Back in 2018, our Founder & CEO Ludwig Bull co-authored a blog post on the University of Oxford's website together with Dr. Felix Steffek, Professor of Law at the University of Cambridge and an Advisor to CourtCorrect since our founding in 2019.
The blog post was titled: "Paving the Way for Legal Artificial Intelligence – A Common Dataset for Case Outcome Predictions" and is available here.
This blog post argued that in order to truly compare the performance of machine learning models on legal & regulatory tasks (as showcased in CourtCorrect's BBC Lawyer Challenge, where an early iteration of our system beat over 100 lawyers in predicting the outcomes of FOS decisions on PPI cases), it is necessary for researchers to have access to a common dataset against which they can benchmark the performance of their models.

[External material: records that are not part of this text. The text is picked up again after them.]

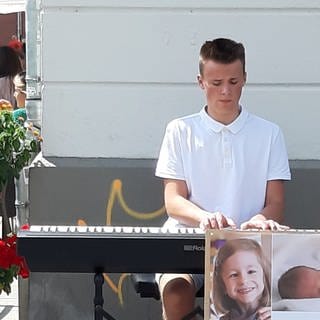Laurin spielt in der Innenstadt Klavier um Spenden zu sammeln. (Foto: Herzenssache e.V.)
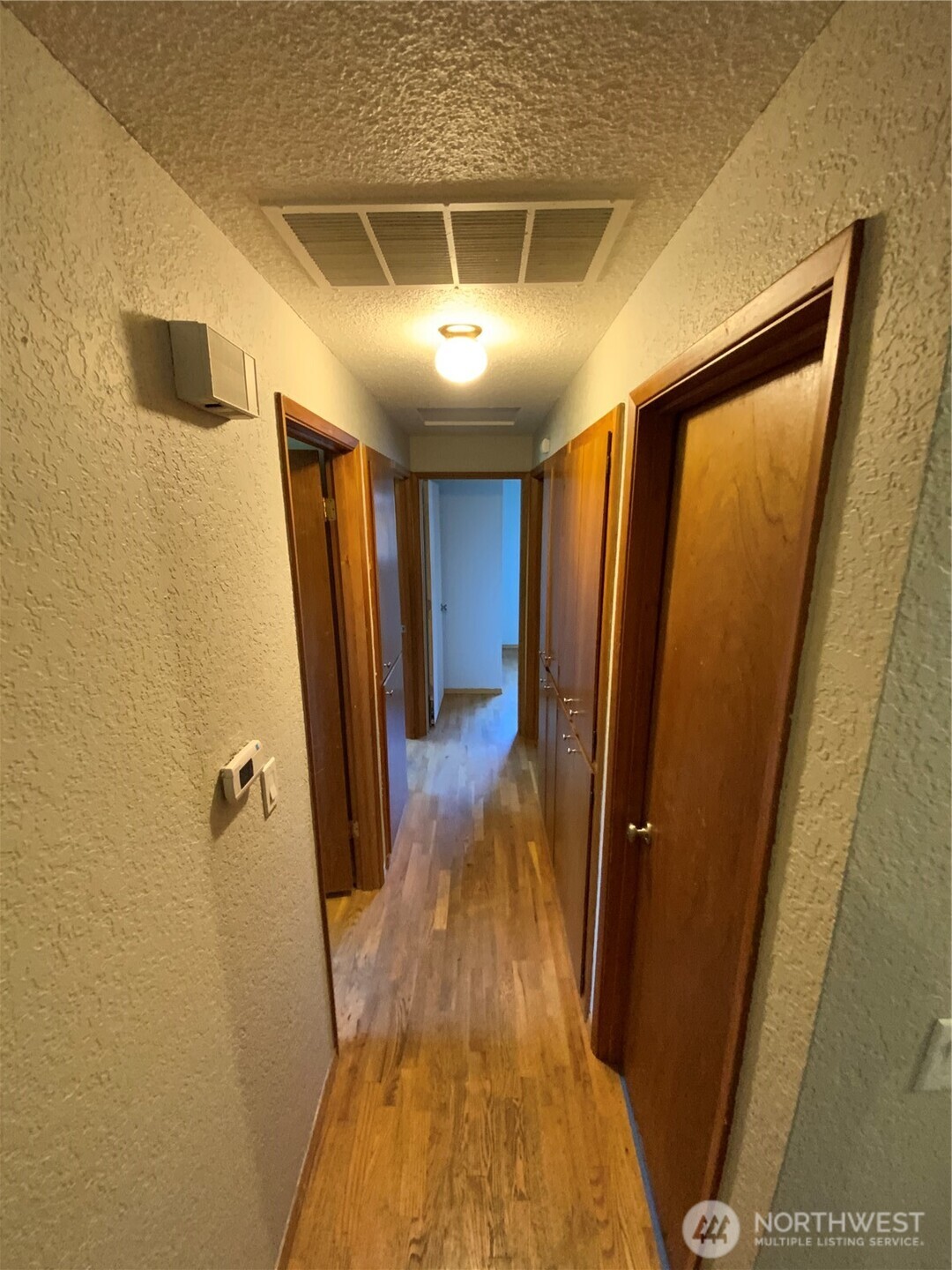 621 Brookdale Road East Tacoma, WA 98445 - Photo 8 of 14 a view of a hallway
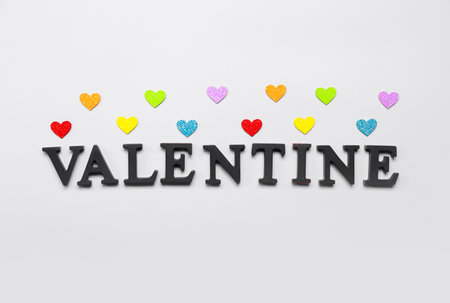 Word VALENTINE with hearts on gray background. LGBT conceptの写真素材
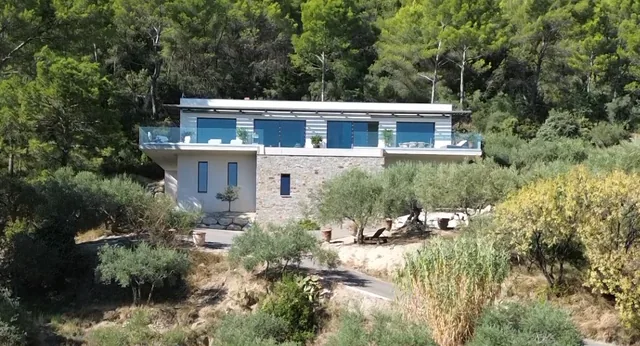 La terrasse filante du niveau de vie, protégée d’un garde-corps en verre, posée sur le socle de pierre.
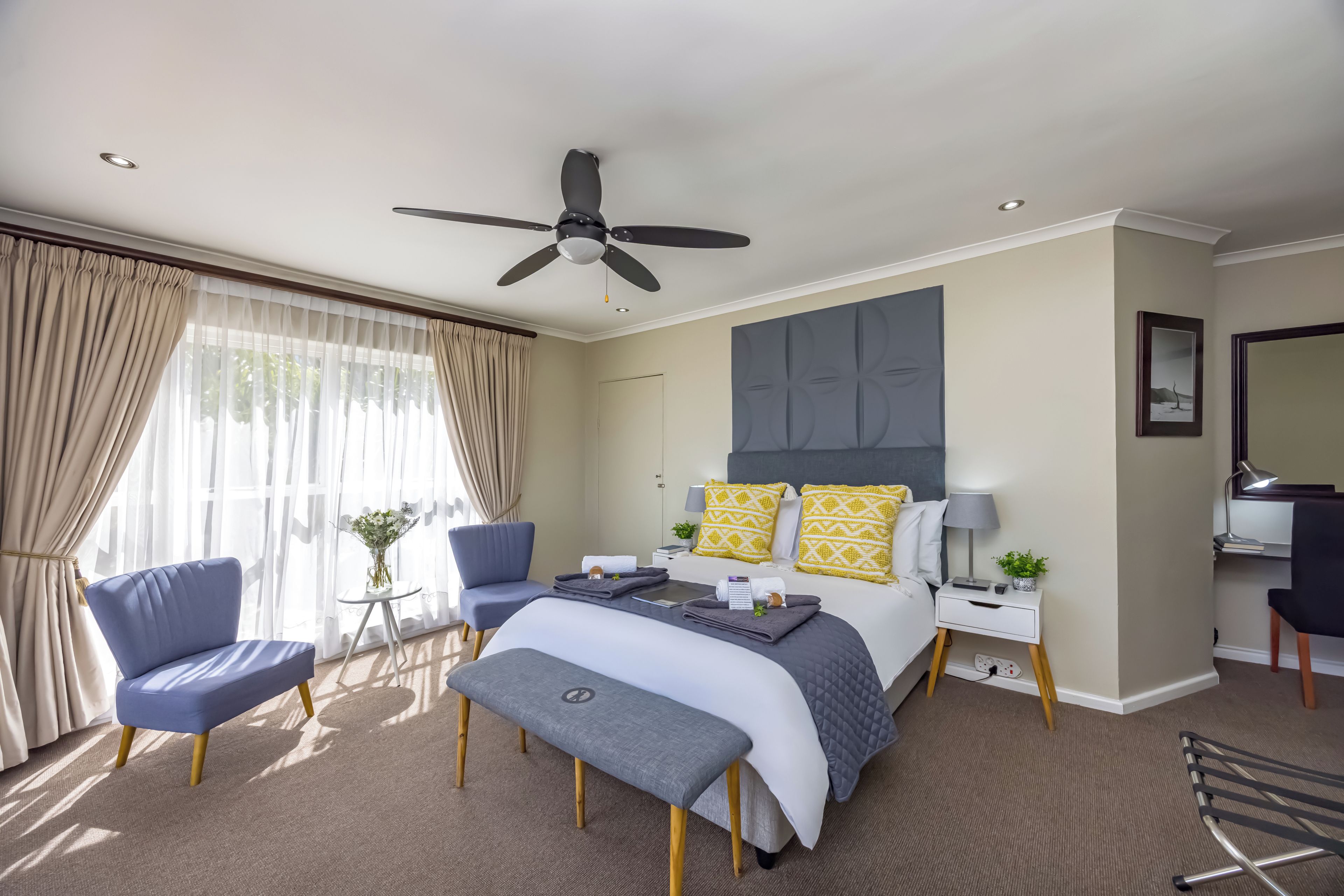Ein modernes Hotelzimmer mit einem Bett, zwei Sesseln, einem Schreibtisch und einem Deckenventilator.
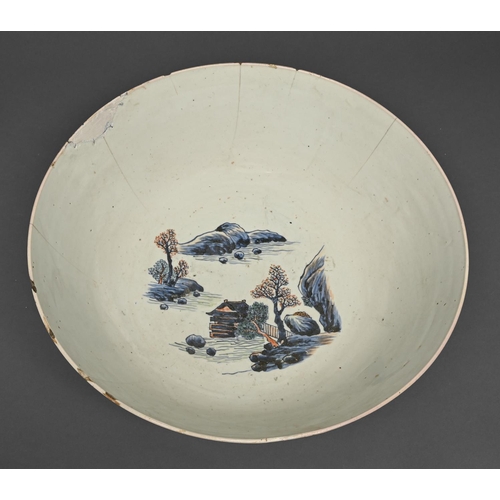 439 - A Chinese blue and white punch bowl with 'clobbered' decoration, late 18th c, painted with landscape... 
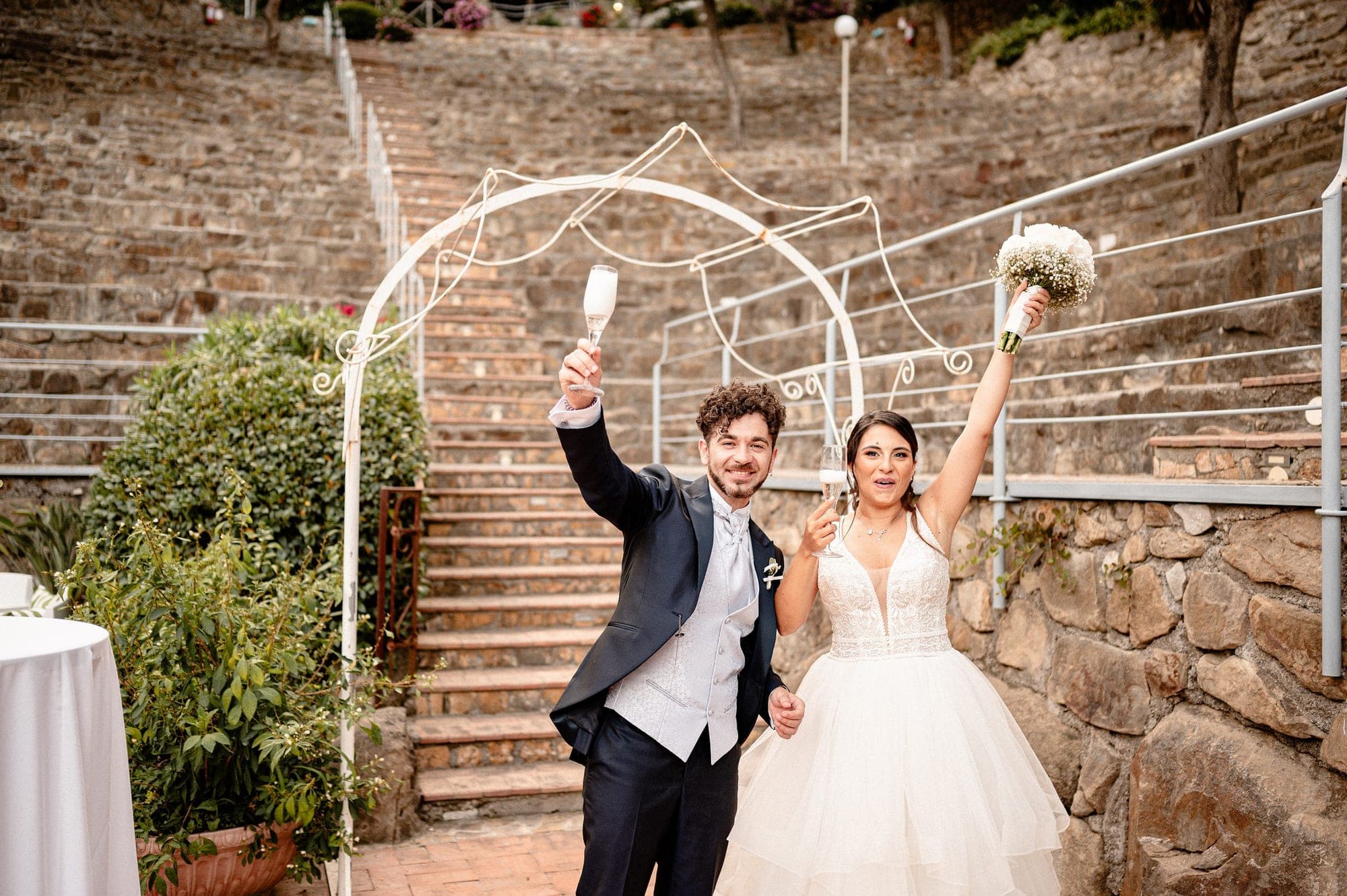 Newlyweds raise champagne glasses and a bouquet under a decorative archway.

We are absolutely delighted to share that this dataset has now become a reality in the Cambridge Law Corpus: a Dataset for Legal AI Research.
Co-developed and carefully curated together with researchers from the University of Cambridge and Uppsala University, this dataset contains over 320,000 UK court decisions and other relevant legal data. The paper introducing the dataset was recently published in NeurIPS (Conference on Neural Information Processing Systems), one of the leading peer-reviewed journals for machine learning research.
CourtCorrect provided technical support in the creation of the dataset, drawing on our vast experience in handling, structuring and curating large-scale datasets from the legal and regulatory space. Our involvement underlines our commitment to making legal data and information useful for researchers and end-users in a responsible way to close the access to justice gap. The publication of the paper to critical acclaim in one of the leading machine learning journals worldwide underscores the fact that CourtCorrect operates at the cutting edge of what is possible in legal and regulatory AI.
A request for access to the dataset can be lodged on the University of Cambridge website and will be subject to the dataset terms. Final decisions on access are made by the academic co-authors of the paper.
Ludwig and Felix discussing the Cambridge Law Corpus at the recent University Alumni Festival
It's been an absolute pleasure to collaborate with Dr. Felix and his team. Onwards and upwards!